I know all of the rules of engagement with the police. I know to follow their instructions, even if their instructions are unreasonable or unlawful. I know to be polite even in the face of racial animus or cruelty. I know to submit. I know to let them emasculate me, if I want to survive.

Sponsored

The psychic walls are fragile. I might come online and rage about the unnecessary murder of Eric Garner, but I’ll never go to Staten Island, much less try to make a buck while I’m there. I’m old enough to remember Sean Bell, but I’m wise enough to never reach in my pockets when I am in shooting range of the NYPD. I can see the Walter Scott trial as one of the greatest miscarriages of justice in American history, but I know that instead of running from Michael Slager I’d need to step-and-fetch like a f**king minstrel if I wanted to stay alive.
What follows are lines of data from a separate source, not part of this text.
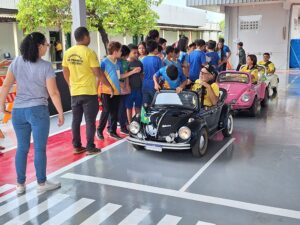 Projeto Agente Mirim participa de ação educativa na Escola Pública de Trânsito durante a Semana Nacional do Trânsito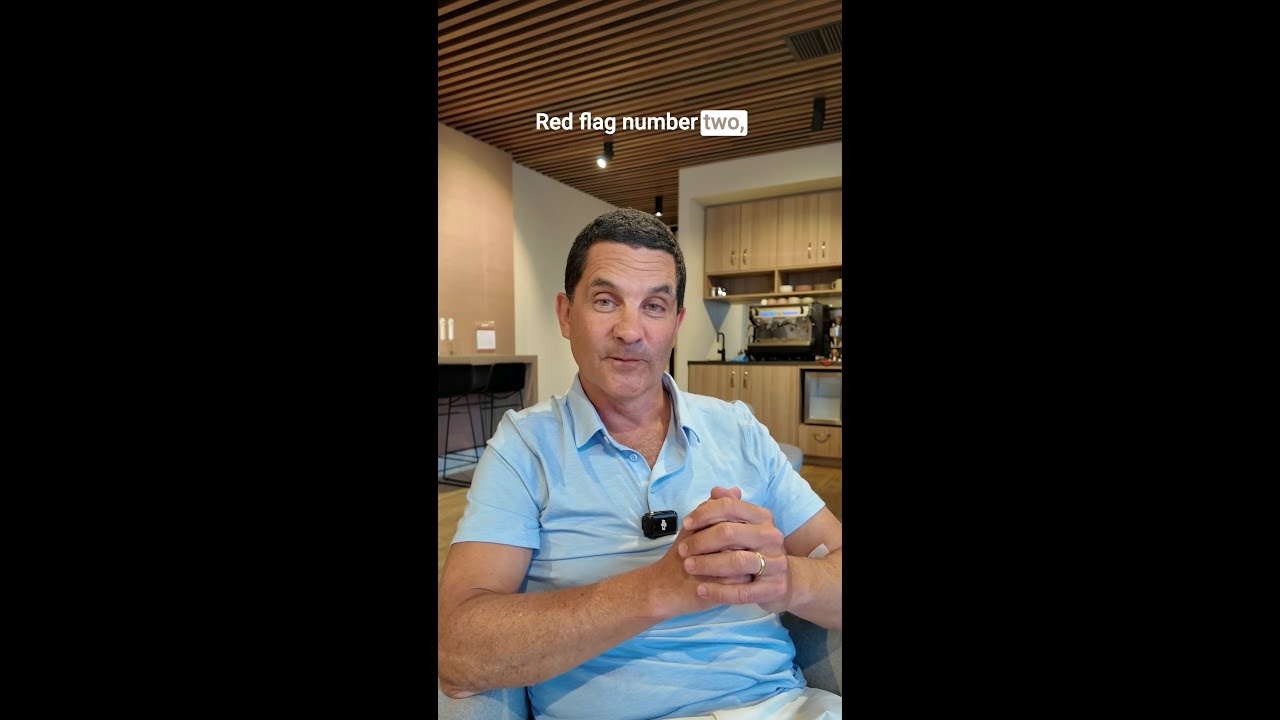 Red Flag #2 As A Plastic Surgeon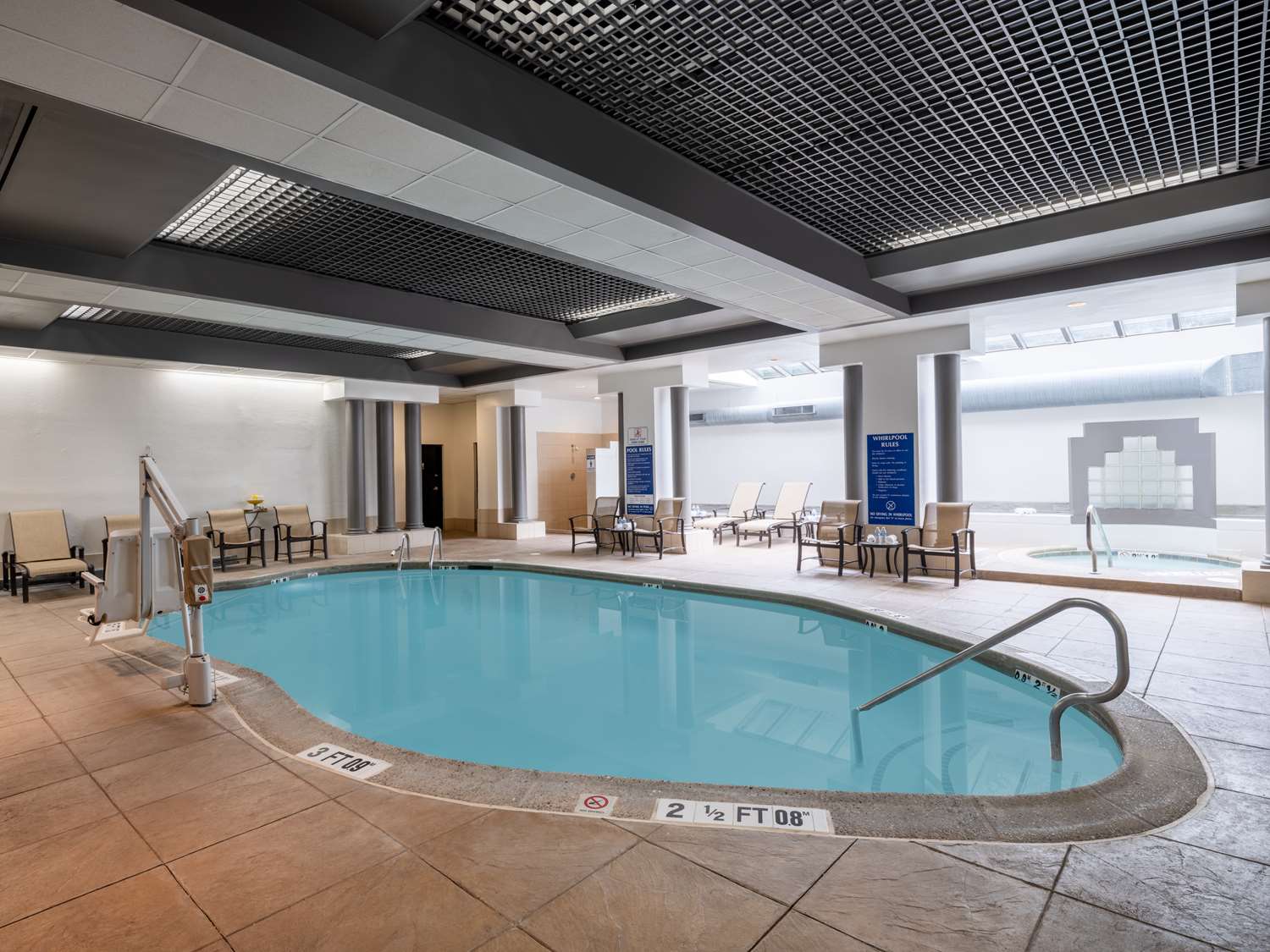 swimming pool spa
Essentially, I do, I have to do, what I hate that the media and white people often do to black people who are killed by the cops: I, in the privacy of my own head, blame the victim. To use a legal term, I distinguish myself from the victims. I tell myself that I am not like these victims, I would not do what these victims did, and thus, somehow, I will be safe. The people who hunt me will find other targets. I will teach my kids these same strategies, and they will be safe. We will survive the terrorists.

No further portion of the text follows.